Martedì 13 giugno, alla Casa del Volontariato di Monza, l'ingegner Edoardo Radaelli ha esposto al pubblico gli interventi che ha realizzato e quelli in progetto per le ville gentilizie lombarde. Un evento di grande interesse, questo organizzato dal Gruppo Botanico Amici del Verde, che ha rappresentato un'occasione per promuovere la conoscenza delle meraviglie architettoniche locali.
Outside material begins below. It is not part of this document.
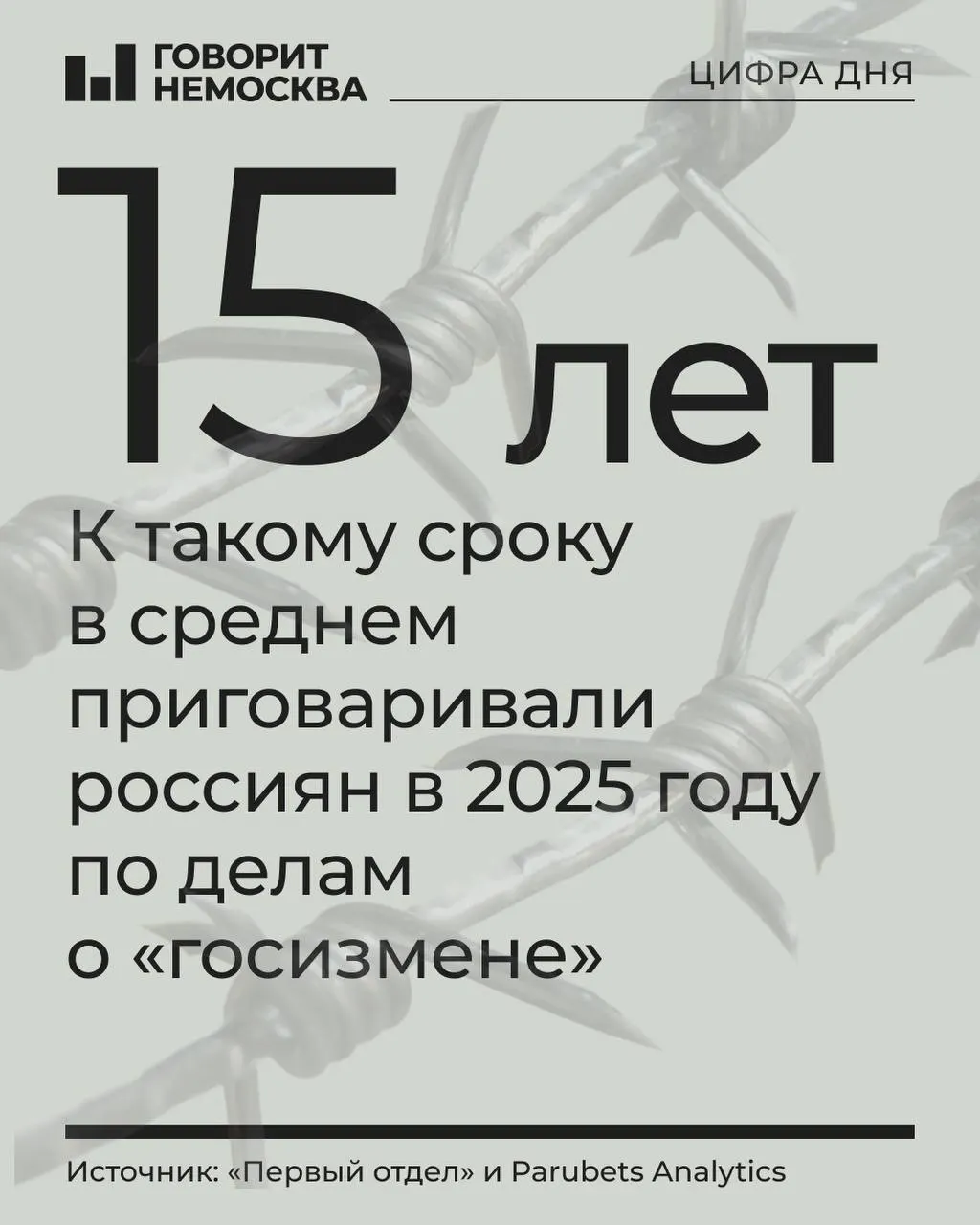 По результатам исследования, в 2025 году 478 человек были осуждены по делам о государственной измене, шпионаже и смежным статьям — рост примерно на 24% по сравнению с 2024 годом.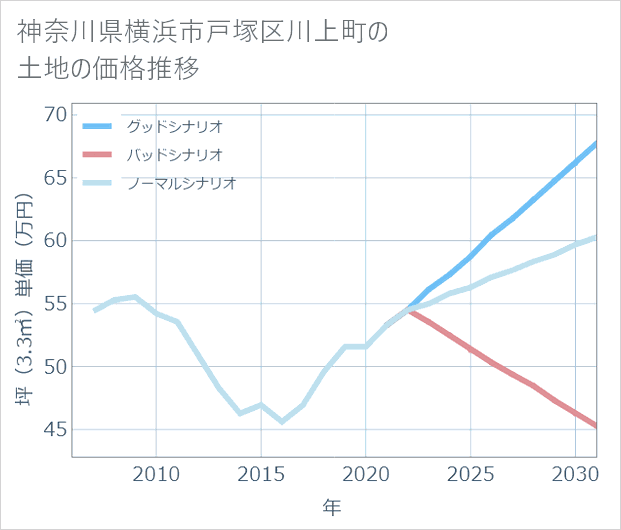 神奈川県横浜市戸塚区川上町の土地価格推移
Il patrimonio di tutta la regione, sostiene il relatore, è molto ricco e per la conferenza sono stati selezionati alcuni edifici che insistono sull'area compresa tra le province di Milano, Monza e Lecco. Nella cultura, in Italia, si investe solo l'1% del PIL, constata Radaelli: una cifra irrisoria, se paragonata al 6% della media europea; un dato allarmante, che costituisce una forte criticità per chi è chiamato ad occuparsi della conservazione e della gestione dei beni culturali. E nonostante si tenti di reperire le risorse con attività organizzate all'interno degli edifici storici, gli strumenti a disposizione risultano sempre troppo scarsi.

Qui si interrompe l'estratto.